In [1]:
# !nvidia-smi

# MNIST — MLP warm-up

We’ll load MNIST, normalize it, define a small MLP, and run a quick
sanity check forward pass to verify shapes before training.


In [2]:
# OPTIONAL: only run this if your torch/torchvision install is broken.
# For GPU on Kaggle (CUDA 12.1 wheels):
# !pip install --upgrade --force-reinstall torch torchvision torchaudio --index-url https://download.pytorch.org/whl/cu121
# For CPU-only:
# !pip install --upgrade --force-reinstall torch torchvision torchaudio --index-url https://download.pytorch.org/whl/cpu


## Imports & device

We’ll autodetect CUDA and fall back to CPU. The code works either way.


In [3]:
import torch
import torchvision

device = "cuda" if torch.cuda.is_available() else "cpu"

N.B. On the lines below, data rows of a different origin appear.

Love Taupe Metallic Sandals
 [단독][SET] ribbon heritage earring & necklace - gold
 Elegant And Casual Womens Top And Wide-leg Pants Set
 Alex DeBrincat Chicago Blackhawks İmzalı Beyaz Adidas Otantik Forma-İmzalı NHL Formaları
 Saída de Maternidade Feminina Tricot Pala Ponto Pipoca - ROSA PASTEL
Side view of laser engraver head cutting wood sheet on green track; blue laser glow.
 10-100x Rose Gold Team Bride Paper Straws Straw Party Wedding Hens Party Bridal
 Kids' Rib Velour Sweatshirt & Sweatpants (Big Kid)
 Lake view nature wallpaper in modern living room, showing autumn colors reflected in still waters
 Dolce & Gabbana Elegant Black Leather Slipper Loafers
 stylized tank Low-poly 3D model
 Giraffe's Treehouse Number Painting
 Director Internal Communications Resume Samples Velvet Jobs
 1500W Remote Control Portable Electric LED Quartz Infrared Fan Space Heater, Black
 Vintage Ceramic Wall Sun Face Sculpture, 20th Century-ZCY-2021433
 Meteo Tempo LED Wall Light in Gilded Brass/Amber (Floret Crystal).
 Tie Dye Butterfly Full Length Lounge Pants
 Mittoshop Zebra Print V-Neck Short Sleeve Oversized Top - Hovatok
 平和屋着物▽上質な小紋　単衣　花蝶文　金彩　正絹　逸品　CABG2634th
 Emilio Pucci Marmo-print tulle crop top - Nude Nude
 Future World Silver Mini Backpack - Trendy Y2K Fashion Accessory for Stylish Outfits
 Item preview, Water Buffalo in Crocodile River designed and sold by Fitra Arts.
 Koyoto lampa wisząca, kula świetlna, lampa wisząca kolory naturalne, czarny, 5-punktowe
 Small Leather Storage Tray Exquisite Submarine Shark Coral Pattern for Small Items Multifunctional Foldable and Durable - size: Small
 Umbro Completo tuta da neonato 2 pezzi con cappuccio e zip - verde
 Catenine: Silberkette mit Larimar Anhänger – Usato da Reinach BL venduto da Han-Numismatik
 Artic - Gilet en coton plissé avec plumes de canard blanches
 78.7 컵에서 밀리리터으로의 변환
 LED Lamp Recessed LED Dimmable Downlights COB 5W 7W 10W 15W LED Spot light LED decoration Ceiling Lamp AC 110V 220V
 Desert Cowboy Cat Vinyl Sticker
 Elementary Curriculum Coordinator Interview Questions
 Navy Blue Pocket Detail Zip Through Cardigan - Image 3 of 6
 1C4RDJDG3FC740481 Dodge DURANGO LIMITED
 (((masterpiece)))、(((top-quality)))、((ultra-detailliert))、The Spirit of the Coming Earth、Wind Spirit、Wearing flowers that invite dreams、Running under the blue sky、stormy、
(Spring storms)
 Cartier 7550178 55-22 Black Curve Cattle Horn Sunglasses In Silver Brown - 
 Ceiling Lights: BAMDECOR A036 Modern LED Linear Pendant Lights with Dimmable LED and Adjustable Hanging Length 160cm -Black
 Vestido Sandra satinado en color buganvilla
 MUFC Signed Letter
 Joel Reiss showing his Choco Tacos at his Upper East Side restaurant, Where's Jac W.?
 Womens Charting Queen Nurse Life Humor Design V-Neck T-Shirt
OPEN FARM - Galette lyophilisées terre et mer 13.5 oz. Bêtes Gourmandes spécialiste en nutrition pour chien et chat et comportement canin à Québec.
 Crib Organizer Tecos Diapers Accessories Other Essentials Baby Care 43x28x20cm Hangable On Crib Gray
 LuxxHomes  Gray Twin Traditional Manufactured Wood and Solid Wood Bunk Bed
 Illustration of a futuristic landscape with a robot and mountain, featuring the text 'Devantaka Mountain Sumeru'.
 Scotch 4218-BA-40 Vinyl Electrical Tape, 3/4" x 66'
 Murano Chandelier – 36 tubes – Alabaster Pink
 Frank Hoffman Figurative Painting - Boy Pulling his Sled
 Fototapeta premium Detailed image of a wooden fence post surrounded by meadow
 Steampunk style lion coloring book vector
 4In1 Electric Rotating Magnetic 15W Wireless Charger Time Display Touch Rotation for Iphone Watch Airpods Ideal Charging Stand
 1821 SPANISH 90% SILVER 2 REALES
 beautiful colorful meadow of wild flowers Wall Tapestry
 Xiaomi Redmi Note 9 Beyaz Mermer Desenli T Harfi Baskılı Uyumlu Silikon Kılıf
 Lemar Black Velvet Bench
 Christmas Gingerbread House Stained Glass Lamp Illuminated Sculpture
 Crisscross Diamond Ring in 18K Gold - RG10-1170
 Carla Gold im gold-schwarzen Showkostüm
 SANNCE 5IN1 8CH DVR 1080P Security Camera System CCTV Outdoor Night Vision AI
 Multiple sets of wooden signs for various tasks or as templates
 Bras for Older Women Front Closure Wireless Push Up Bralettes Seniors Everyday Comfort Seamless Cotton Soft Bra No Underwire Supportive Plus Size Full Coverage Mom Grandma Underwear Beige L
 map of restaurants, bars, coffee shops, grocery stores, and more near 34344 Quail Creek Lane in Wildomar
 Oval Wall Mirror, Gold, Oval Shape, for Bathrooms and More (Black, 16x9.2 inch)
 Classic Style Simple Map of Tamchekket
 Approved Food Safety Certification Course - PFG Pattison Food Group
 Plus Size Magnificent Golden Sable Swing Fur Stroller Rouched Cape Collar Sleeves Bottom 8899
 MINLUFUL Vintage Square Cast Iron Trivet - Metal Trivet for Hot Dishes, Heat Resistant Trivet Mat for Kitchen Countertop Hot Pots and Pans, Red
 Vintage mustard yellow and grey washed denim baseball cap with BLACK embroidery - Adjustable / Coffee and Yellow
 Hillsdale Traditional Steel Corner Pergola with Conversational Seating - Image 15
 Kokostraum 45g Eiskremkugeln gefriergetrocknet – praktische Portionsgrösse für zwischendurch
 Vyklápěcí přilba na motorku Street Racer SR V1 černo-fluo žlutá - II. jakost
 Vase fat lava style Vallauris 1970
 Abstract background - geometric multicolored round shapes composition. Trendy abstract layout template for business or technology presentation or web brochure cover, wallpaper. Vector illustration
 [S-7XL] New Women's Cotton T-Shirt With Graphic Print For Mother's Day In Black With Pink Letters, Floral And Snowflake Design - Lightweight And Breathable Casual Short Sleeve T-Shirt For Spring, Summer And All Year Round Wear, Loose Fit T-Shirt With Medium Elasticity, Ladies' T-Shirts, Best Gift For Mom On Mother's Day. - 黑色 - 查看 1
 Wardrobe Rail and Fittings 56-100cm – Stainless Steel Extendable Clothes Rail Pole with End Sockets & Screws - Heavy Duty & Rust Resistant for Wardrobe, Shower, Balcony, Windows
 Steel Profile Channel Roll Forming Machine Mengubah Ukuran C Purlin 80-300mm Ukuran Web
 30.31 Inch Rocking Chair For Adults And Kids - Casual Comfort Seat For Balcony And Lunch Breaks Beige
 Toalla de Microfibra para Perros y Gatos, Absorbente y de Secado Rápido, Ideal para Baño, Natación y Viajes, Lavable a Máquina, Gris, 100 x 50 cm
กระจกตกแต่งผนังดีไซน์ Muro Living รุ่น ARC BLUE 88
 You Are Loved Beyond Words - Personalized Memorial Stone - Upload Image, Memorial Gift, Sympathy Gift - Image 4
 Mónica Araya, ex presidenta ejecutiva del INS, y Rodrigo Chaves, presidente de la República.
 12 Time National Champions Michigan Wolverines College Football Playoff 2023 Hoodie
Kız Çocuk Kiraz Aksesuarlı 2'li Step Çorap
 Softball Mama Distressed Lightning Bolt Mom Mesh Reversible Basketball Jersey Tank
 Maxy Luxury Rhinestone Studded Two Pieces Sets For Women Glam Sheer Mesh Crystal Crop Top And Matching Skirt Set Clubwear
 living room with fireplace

print("torch:", torch.__version__)
print("torchvision:", torchvision.__version__)
print("device:", device)


torch: 2.6.0+cu124
torchvision: 0.21.0+cu124
device: cpu


## Dataset & transforms

- `ToTensor()` → scales pixels to [0,1] with shape [1, 28, 28].
- `Normalize((0.1307,), (0.3081,))` → center/scale using MNIST stats.
  (Note the commas: single-element tuples.)


### Why do we normalize MNIST with `(0.1307,), (0.3081,)`?

After `ToTensor()`, MNIST images are scaled to `[0,1]`, but their distribution isn’t centered and doesn’t have unit variance:
- Mean pixel value is about **0.1307** (most pixels are dark background).
- Standard deviation is about **0.3081**.

**Why normalize?**
- Centering (subtracting the mean) makes neuron inputs hover around zero, which helps gradients flow and speeds up learning.
- Scaling (dividing by the std) puts features on a comparable scale, making optimization more stable and less sensitive to learning rates.

**Why those exact numbers?**
- They are the empirical mean and std of the MNIST training set computed over all pixels.
- Using dataset-specific stats is better than generic choices (like 0.5/0.5) because it matches the true data distribution.

**Why the tuples — and why the comma is so important?**
- `Normalize` expects a *sequence* (list or tuple) with one value per channel.
- MNIST has 1 channel → we need one mean and one std → a 1-element tuple.
- In Python:
  - `(0.3081,)` → a tuple containing one float ✅
  - `(0.3081)` → just a float ❌
- If you forget the comma, you pass a float instead of a tuple. That breaks the shape handling inside `Normalize` and can lead to confusing errors (like “std evaluated to zero”).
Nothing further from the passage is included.